Como os jornais resolveram a difusa fronteira entre a publicidade e as notícias que colocam em formato on-line?
Este é um tema não resolvido. A necessidade de ganhar, ou ao menos, de não perder dinheiro levou as casas editoras a diversificar sua oferta de conteúdos e serviços. Nessa diversificação as editoras encontraram novos sócios, como empresas de telecomunicações ou programadores informáticos, por exemplo, diluindo em muitos casos a linha divisória – clássica na imprensa escrita – entre a área comercial e a área de notícias. Dentro da publicidade on-line empregada pelas principais cabeçalhos on-line em castelhano se encontram formatos elaborados com o apoio editorial do jornal. Assim mesmo, fruto de acordos comerciais entre as editoras e outras empresas comerciais se detecta a oferta de guias (de restaurantes, hotéis, viagens, centros comerciais, etc.), de assinatura de diferentes newsletters ou de coberturas em tempo real das bolsas. Como proteger a oferta de conteúdos e serviços informativos da influência dos interesses econômicos e políticos é uma questão central que deve figurar na agenda de prioridades de qualquer empresa informativa. Quando a independência informativa corre perigo, o prestígio e a credibilidade de um meio são arranhados.

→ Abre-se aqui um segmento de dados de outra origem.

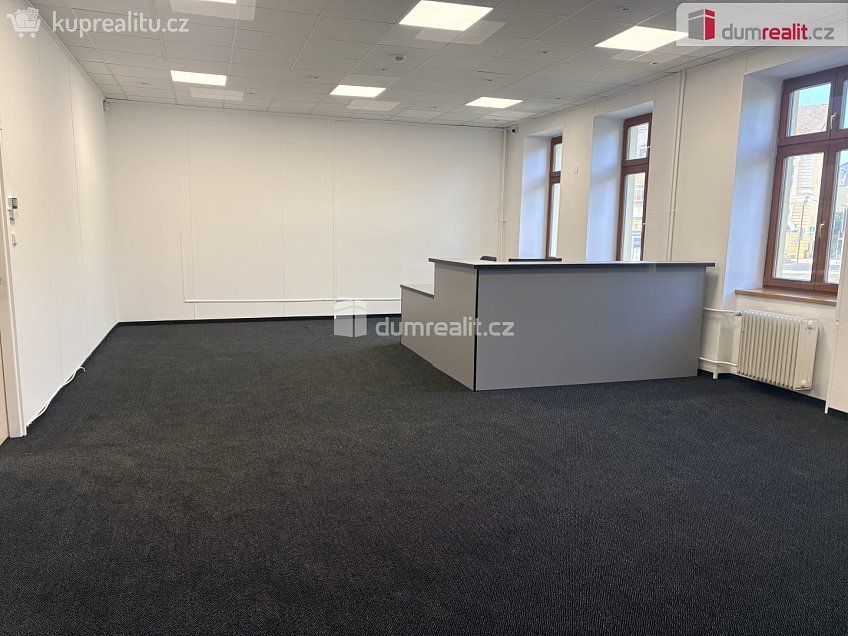 Pronájem  kanceláře 94 m^2 náměstí T. G. Masaryka, Břeclav 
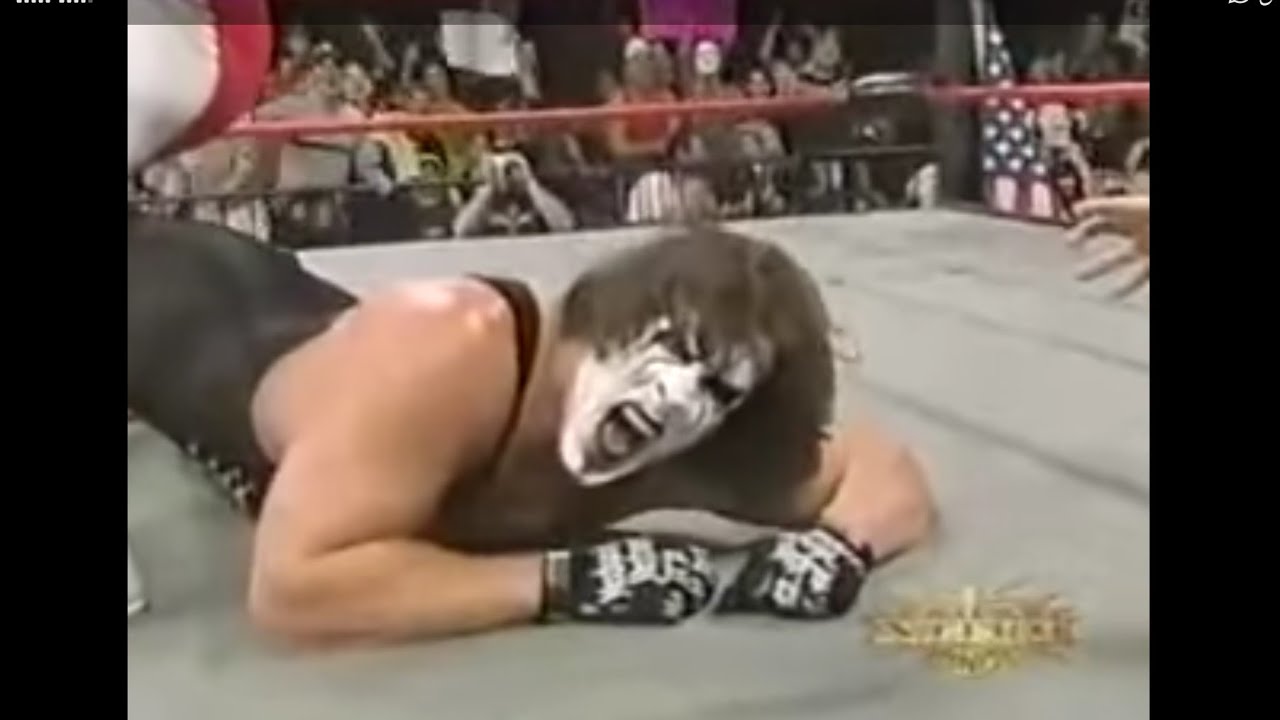 Lance Storm vs. Sting  .  Nitro 09.25.00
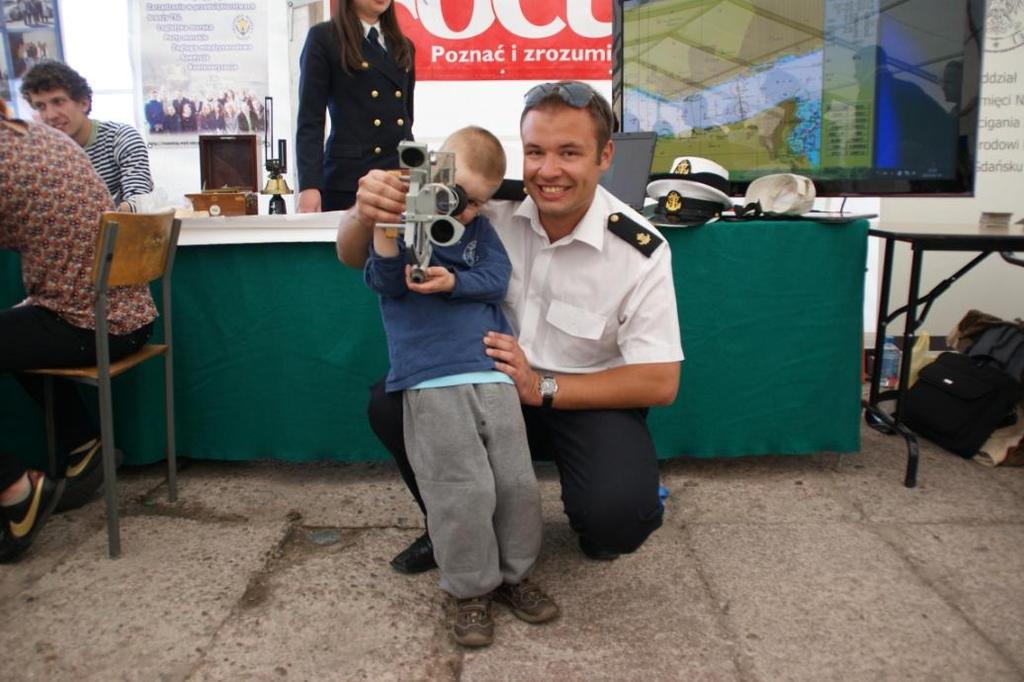 Bałtycki Festiwal Nauki W dniach 27-30 maja 2010r. członkowie Koła Naukowego Nawigator po raz kolejny aktywnie uczestniczyli w organizacji Bałtyckiego Festiwalu Nauki.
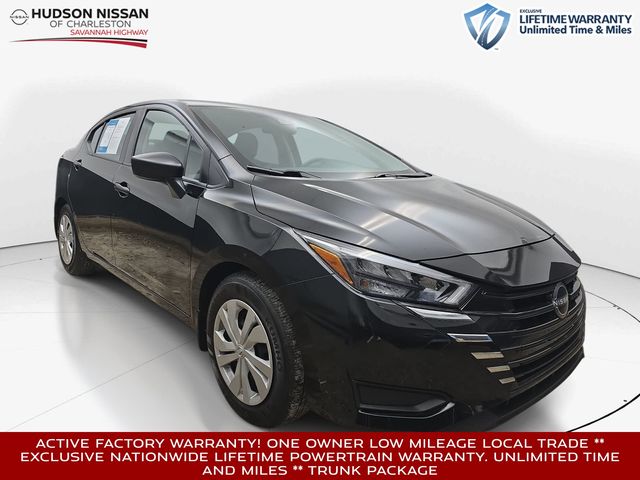 Super Black Metallic 2025 Nissan Versa Sedan Front-Wheel Drive Continuously Variable Transmission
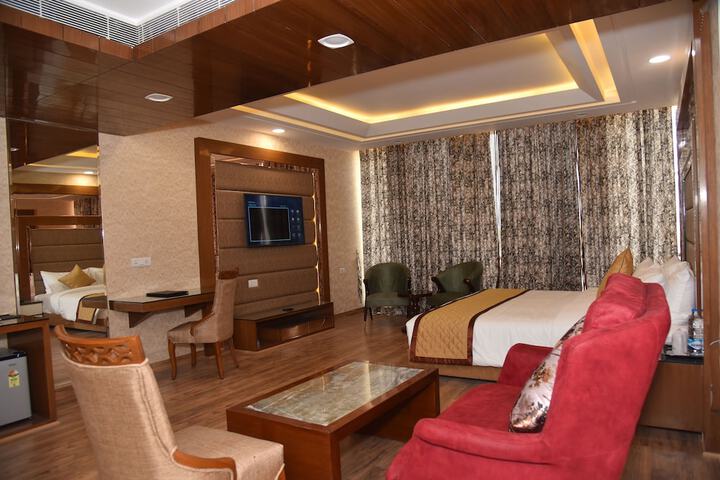 Room 40 of 77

A interatividade apregoada pelos jornais on-line é real?
A interatividade, uma palavra na moda que remete a uma realidade imprecisa, é neste momento mais uma promessa do que uma realidade. Se nos detivermos em analisar os mecanismos de participação dos leitores/usuários, um dos aspectos examinados no livro que poderia estar potenciado pelas possibilidades interativas da rede, vemos que estes estão amplamente controlados pelos próprios meios e parcialmente infrautilizados. Além disso, a maioria dos jornais on-line estabeleceu a figura do moderador, que se encarrega de intermediar entre os leitores/usuários e o próprio meio. Por outro lado, é clara a falta de conexão que existe entre os artigos jornalísticos assinados por jornalistas profissionais e os conteúdos elaborados pelos leitores. A própria dinâmica de interação meio-audiências na internet está em plena evolução. Pense-se que se num primeiro momento a participação dos públicos se dava fundamentalmente através da palavra escrita, novos formatos de participação estão surgindo: desde as fotografias captadas por telefones celulares após os atentados no metrô de Londres até os vídeos de aficionados que filmaram as conseqüências da tsunami que devastou o sul da Ásia.